HOUSTON – Severe thunderstorms struck parts of Texas and Oklahoma on Monday evening, producing short-lived tornadoes — including stunning images of side-by-side twisters in rural Oklahoma — but as of early Tuesday the region appeared to have been largely spared from violent weather that had been feared by forecasters.
The warning by forecasters, issued by the National Weather Service's Storm Prediction Center in Norman, Okla., predicted a "major severe weather outbreak" on Monday over parts of northwest Texas and western and central Oklahoma, including a series of "potentially long-track and violent" tornadoes.
By Monday evening, scattered tornadoes briefly touched down in largely rural areas in southwest and north-central Oklahoma, causing some damage but no reported injuries or fatalities.
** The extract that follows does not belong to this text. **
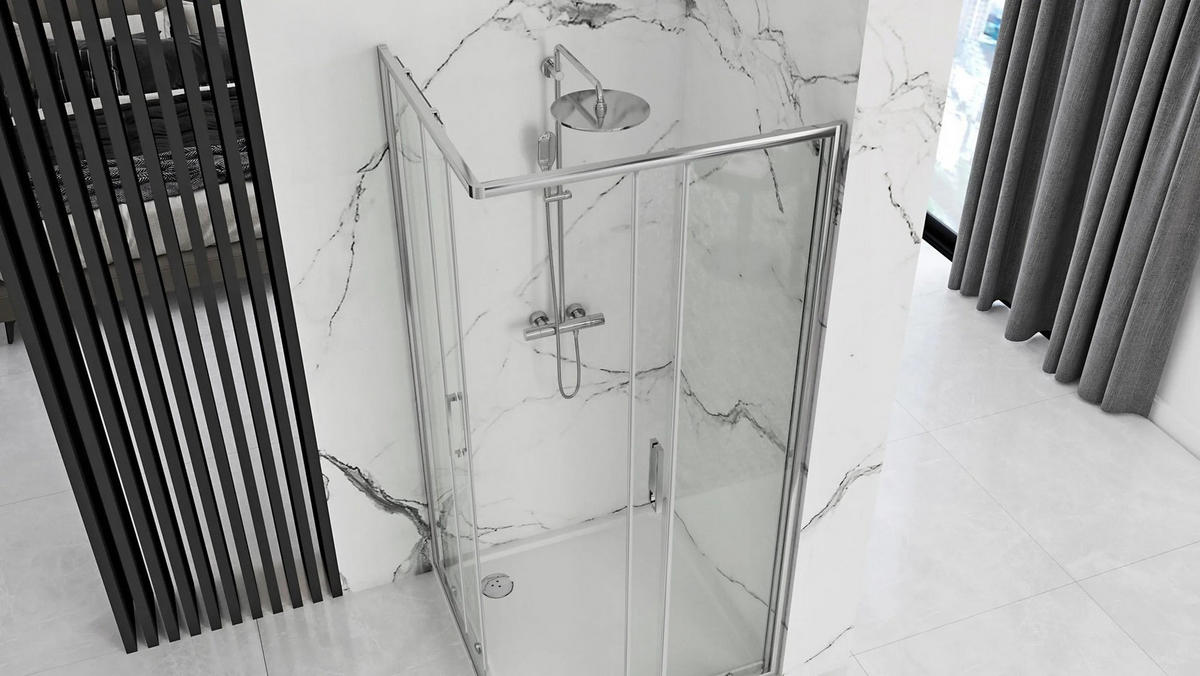 DUSCHKABINE Rea Punto 80x80 ohne Duschwanne - Chromfarben, Glas (78/78/190cm) - REA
The new concern became severe flooding as a long line of sluggish storms moved east across the state and dumped heavy rainfall.
In the north-central part of the state, local television crews captured images of twin tornadoes in a rural region near the small town of Crescent. In the southwestern corner of the state near the Texas border, a tornado appeared to strike some homes near Mangum, a town of 3,000 more than 150 miles from Oklahoma City.
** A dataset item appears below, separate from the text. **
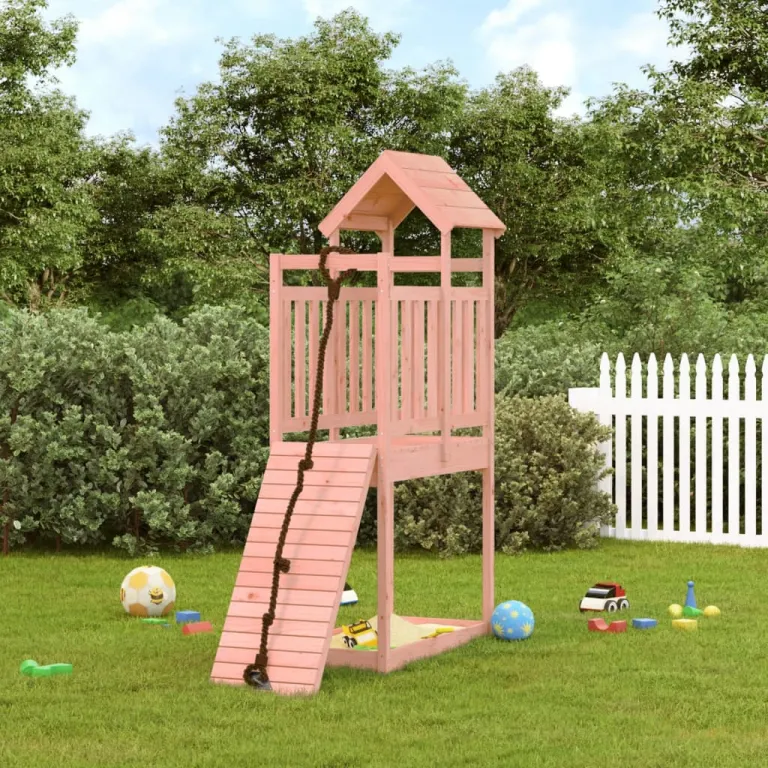 Spielturm mit Kletterwand Massivholz Douglasie Kletterturm Kinder Spielen Garten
National Weather Service forecasters posted a message on Twitter shortly after 5 p.m., warning about the tornado near Mangum. "Take cover NOW!" a forecaster wrote.
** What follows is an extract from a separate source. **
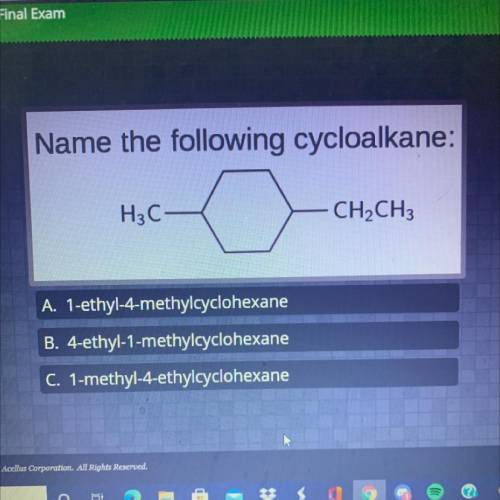 Name the following cycloalkane:
H3C
Oo
CH2CH3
Later in the evening, forecasters issued a tornado watch until 5 a.m. Tuesday for nearly 3 million people in Oklahoma and Texas, saying the potential remained for lime-size hail and strong tornadoes.
The Storm Prediction Center took the rare step of announcing a "high risk" zone for potentially catastrophic tornadoes, the first time in two years that the center had designated such an area. Numerous cities and towns were placed in the high-risk zone, including the Texas towns of Childress, Haskell and Snyder, as well as Oklahoma City, Norman, Lawton and Moore in Oklahoma.
In 2013, a deadly tornado devastated Moore, a suburb of Oklahoma City, destroying an elementary school and killing several students. It carved a destructive path for 17 miles and killed 24 people, including 10 children. Monday's warning was particularly ominous for residents of Moore: It was the six-year anniversary of the 2013 tornado.